As manifestações antirracismo aconteceram em Londres, Brighton, Southampton, Bristol, Birmingham, Newcastle e outras cidades do país.
O chefe da Scotland Yard, a Polícia Metropolitana de Londres, Mark Rowley, afirmou que foi uma “noite de muito sucesso”, dizendo que os temores de desordem provocada pela direita radical foram “reduzidos”.
Em Accrington, no noroeste da Inglaterra, frequentadores de pubs foram vistos abraçando muçulmanos na rua, enquanto em Londres um manifestante disse à BBC que compareceu ao ato porque sua comunidade multiétnica queria “garantir que ninguém jamais nos intimidaria”.
O prefeito da capital agradeceu àqueles “que saíram pacificamente para mostrar que Londres está unida contra o racismo e a islamofobia”.

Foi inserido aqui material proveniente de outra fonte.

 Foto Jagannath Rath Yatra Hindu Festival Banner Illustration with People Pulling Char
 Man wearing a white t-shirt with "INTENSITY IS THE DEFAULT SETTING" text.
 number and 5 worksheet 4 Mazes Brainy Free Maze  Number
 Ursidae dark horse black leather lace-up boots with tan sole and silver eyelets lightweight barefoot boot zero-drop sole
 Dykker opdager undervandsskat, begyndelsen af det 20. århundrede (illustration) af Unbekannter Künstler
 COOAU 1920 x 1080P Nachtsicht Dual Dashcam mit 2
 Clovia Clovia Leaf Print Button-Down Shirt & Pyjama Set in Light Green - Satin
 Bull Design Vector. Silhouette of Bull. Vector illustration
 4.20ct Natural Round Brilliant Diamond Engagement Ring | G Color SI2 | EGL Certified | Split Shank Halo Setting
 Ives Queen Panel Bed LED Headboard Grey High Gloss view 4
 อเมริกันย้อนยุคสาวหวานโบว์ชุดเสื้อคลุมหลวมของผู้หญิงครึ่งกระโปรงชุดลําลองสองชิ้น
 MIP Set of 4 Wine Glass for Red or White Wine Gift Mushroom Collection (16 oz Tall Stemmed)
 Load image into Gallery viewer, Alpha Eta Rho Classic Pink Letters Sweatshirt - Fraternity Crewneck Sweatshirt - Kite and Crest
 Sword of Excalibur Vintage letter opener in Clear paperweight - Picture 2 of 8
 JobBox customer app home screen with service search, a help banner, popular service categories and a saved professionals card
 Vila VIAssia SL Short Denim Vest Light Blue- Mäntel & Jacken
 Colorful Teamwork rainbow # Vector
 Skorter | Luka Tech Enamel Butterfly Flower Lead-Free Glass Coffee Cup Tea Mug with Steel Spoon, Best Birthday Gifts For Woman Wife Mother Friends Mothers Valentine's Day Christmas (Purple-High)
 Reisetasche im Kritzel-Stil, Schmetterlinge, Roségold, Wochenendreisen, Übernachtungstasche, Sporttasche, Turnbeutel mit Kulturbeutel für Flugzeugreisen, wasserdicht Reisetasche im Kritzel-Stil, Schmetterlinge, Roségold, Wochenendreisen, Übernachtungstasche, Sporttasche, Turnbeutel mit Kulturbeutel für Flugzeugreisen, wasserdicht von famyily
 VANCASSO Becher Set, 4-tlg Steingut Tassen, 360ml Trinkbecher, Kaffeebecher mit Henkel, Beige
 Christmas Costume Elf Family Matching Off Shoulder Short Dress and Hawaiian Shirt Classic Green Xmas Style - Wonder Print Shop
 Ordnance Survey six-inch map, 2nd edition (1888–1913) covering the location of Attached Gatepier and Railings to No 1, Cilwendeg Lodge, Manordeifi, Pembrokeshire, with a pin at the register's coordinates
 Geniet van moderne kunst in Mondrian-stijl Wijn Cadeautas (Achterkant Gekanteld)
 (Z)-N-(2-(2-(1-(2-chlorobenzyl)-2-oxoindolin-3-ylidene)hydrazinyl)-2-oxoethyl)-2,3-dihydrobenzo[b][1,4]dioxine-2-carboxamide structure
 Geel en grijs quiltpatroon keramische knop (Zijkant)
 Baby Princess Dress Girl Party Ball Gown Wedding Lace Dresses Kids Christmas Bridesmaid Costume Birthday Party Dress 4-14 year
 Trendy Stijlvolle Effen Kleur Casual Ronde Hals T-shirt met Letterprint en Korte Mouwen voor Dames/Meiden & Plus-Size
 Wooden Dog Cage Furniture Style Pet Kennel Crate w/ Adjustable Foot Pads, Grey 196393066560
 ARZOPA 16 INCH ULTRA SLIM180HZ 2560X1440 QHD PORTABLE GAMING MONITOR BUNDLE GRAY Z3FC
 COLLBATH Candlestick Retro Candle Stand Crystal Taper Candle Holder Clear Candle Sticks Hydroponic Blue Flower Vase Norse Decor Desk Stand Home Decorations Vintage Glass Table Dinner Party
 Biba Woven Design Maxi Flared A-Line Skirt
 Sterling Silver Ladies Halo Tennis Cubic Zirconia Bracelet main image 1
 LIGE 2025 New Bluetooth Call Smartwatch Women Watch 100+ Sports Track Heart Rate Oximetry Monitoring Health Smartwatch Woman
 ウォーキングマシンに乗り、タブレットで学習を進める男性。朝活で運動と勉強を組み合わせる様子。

Em uma publicação no X, Sadiq Khan também agradeceu “à nossa força policial heroica trabalhando 24 horas por dia para manter os londrinos seguros” depois que 1.300 policiais foram mobilizados.
“E para aqueles criminosos da direita radical que ainda pretendem semear ódio e divisão – vocês nunca serão bem-vindos aqui”, acrescentou o prefeito.
Abaixo, as cidades onde os protestos antirracismo foram registrados:
Onda de violência anti-imigração
Os protestos da noite de quarta foram uma resposta à onda de violência anti-imigração que tomou a Inglaterra na última semana.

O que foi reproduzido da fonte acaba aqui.